Caption-style text data
*** Block opens ***

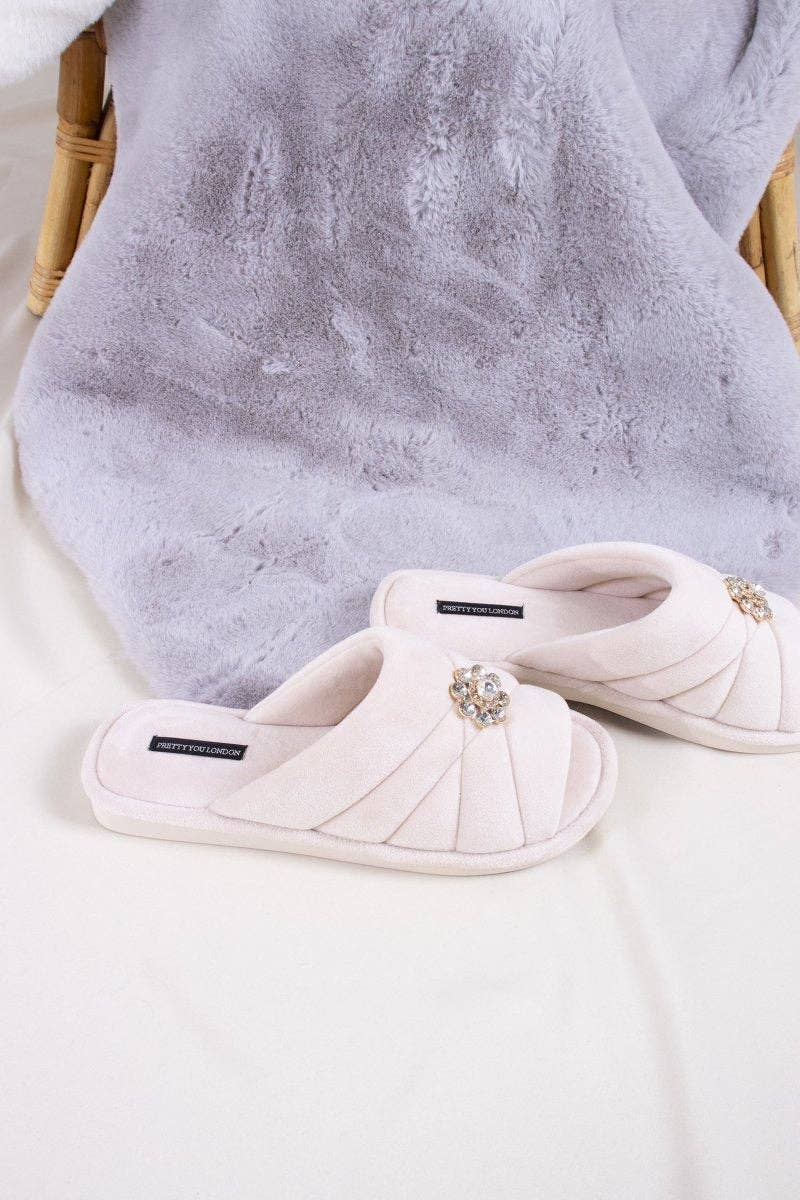 Sopro de pó Chinelo de edredão embelezado Faye em pó para venda a revendedores na Faire4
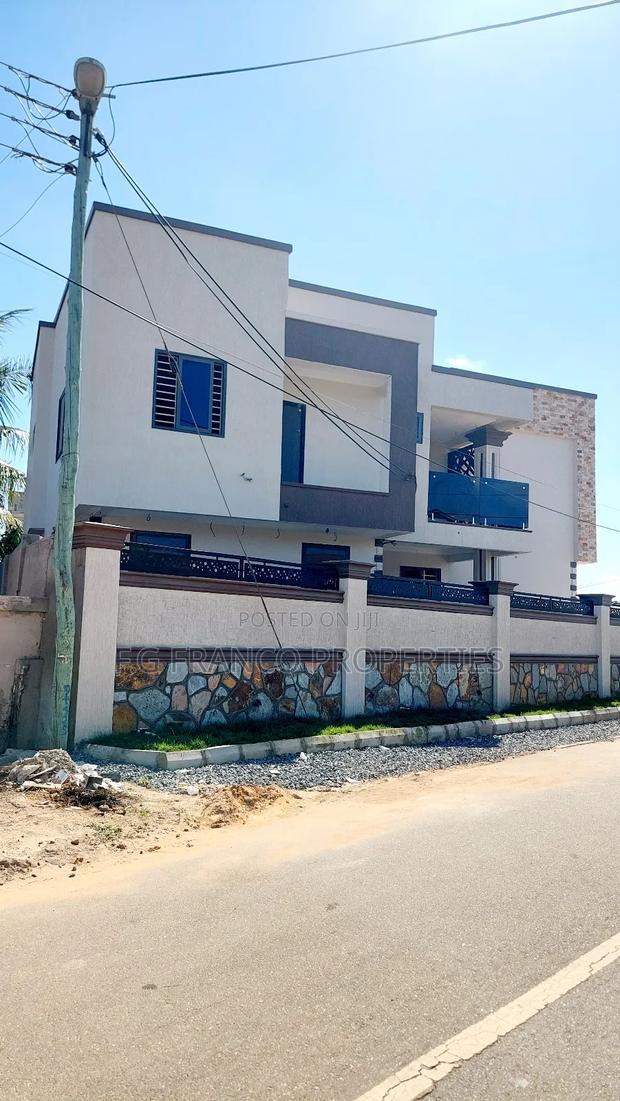 4bdrm House in Kg. Franco, Spintex for sale · Photo 2
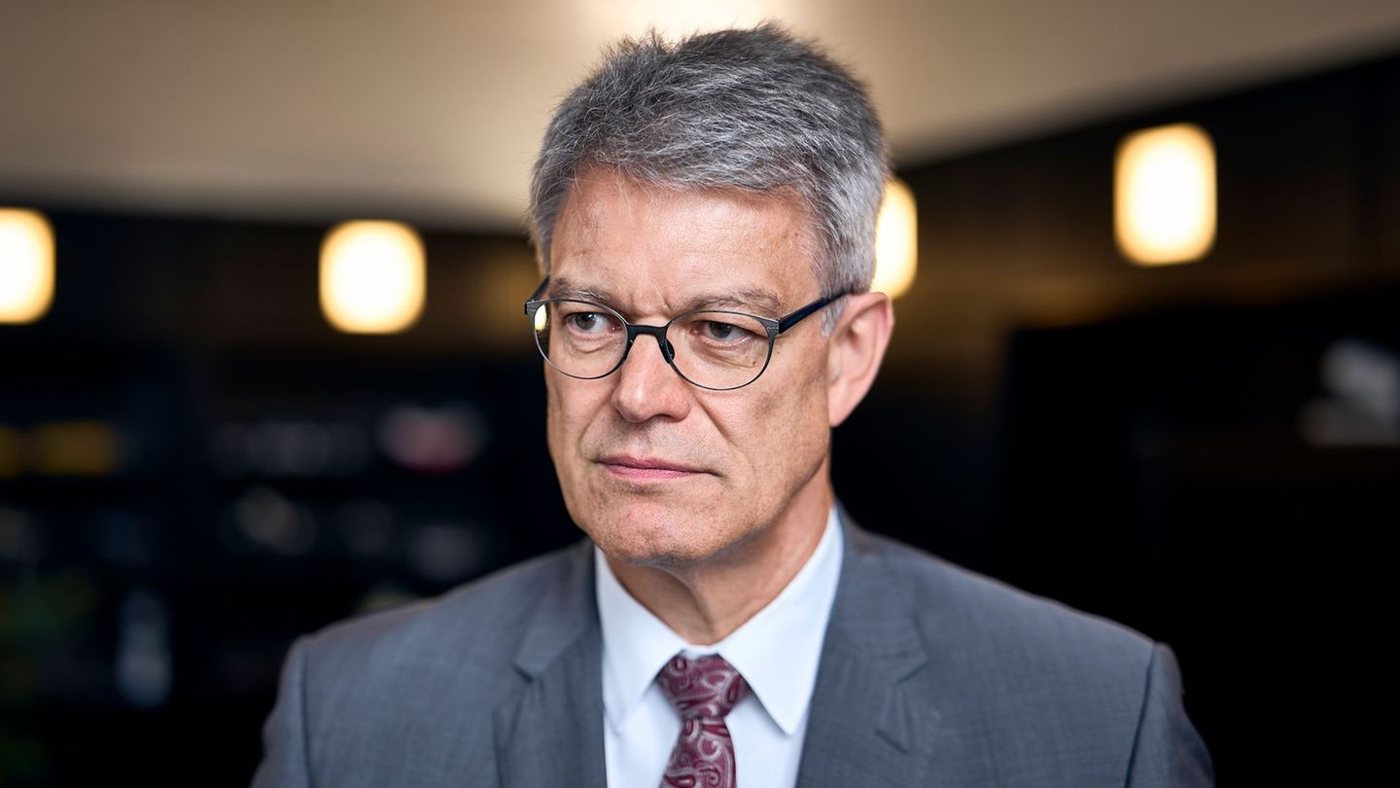 "Unwürdiger Zustand": Verkehrsminister Schnieder will um Entlassung bitten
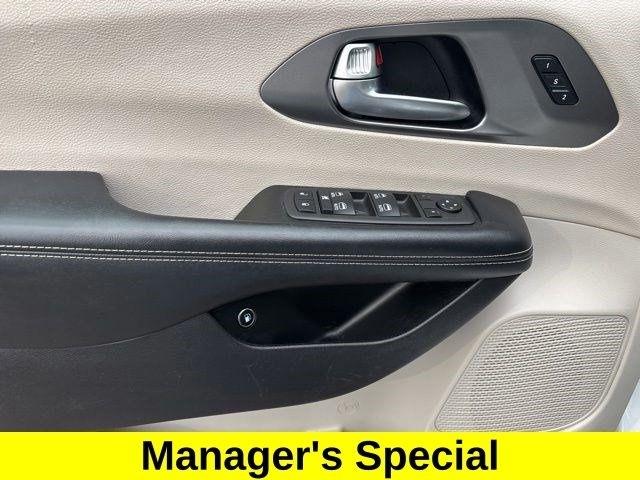 Chrysler Pacifica Hybrid Touring L 2022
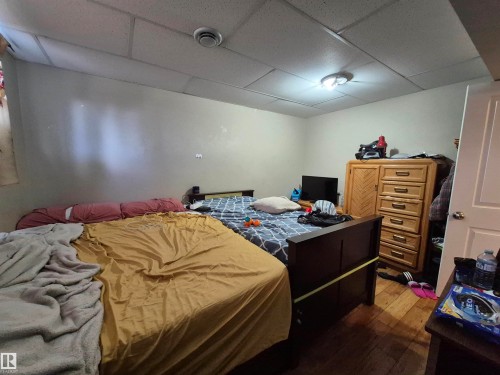 8725 152 Street, Edmonton, AB - Indoor Photo Showing Bedroom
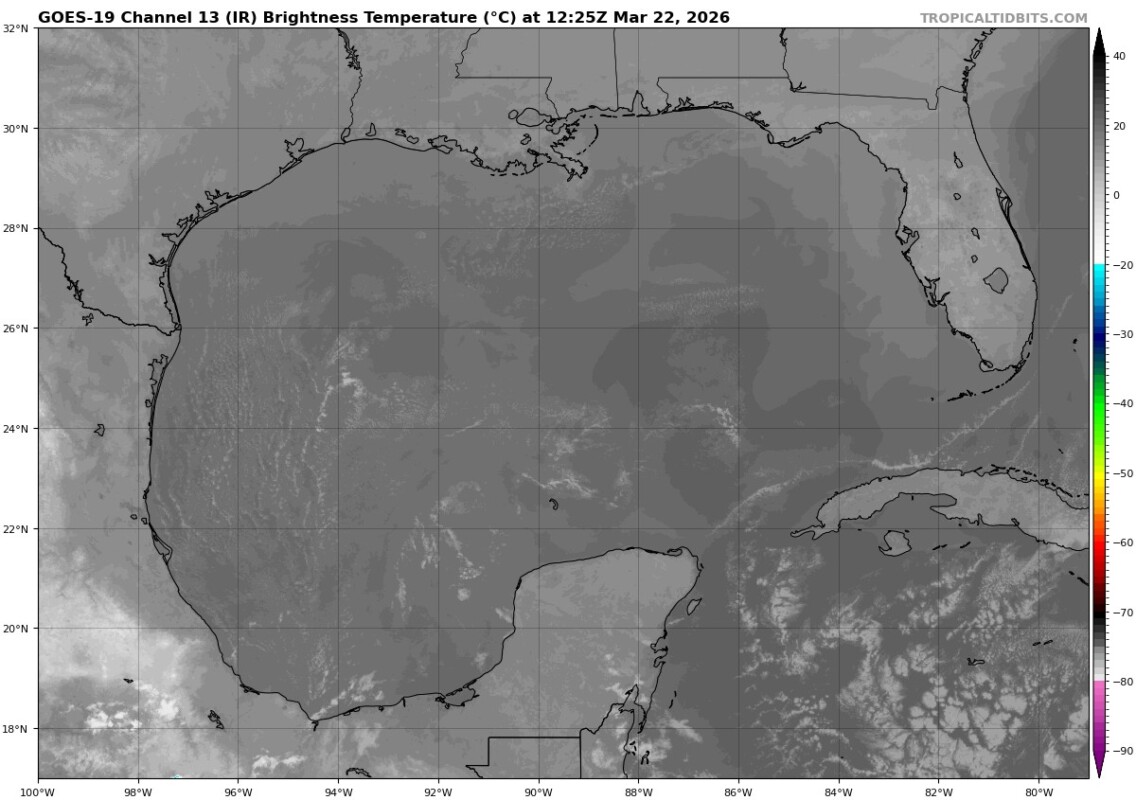 Cielo medio nublado en el transcurso del día con lluvias aisladas en la Península de Yucatán.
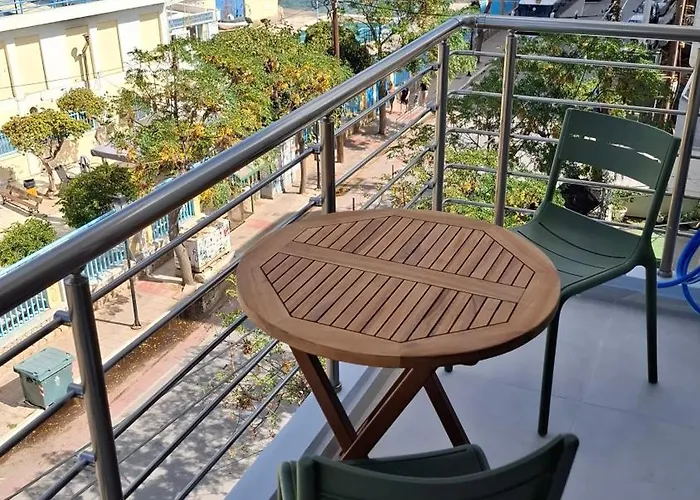 Sea View Modern 2br Floor On Nea Chora Апартаменти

*** Block closes ***

● **ASSIGNED TASK**: What is needed is an exact repetition of every line from the line with "Chrysler Pacifica Hybrid Touring L 2022" to the end of the data above, both ends included, with no pictures.

● **RESULT OF THIS EXERCISE**:
 Chrysler Pacifica Hybrid Touring L 2022
 8725 152 Street, Edmonton, AB - Indoor Photo Showing Bedroom
 Cielo medio nublado en el transcurso del día con lluvias aisladas en la Península de Yucatán.
 Sea View Modern 2br Floor On Nea Chora Апартаменти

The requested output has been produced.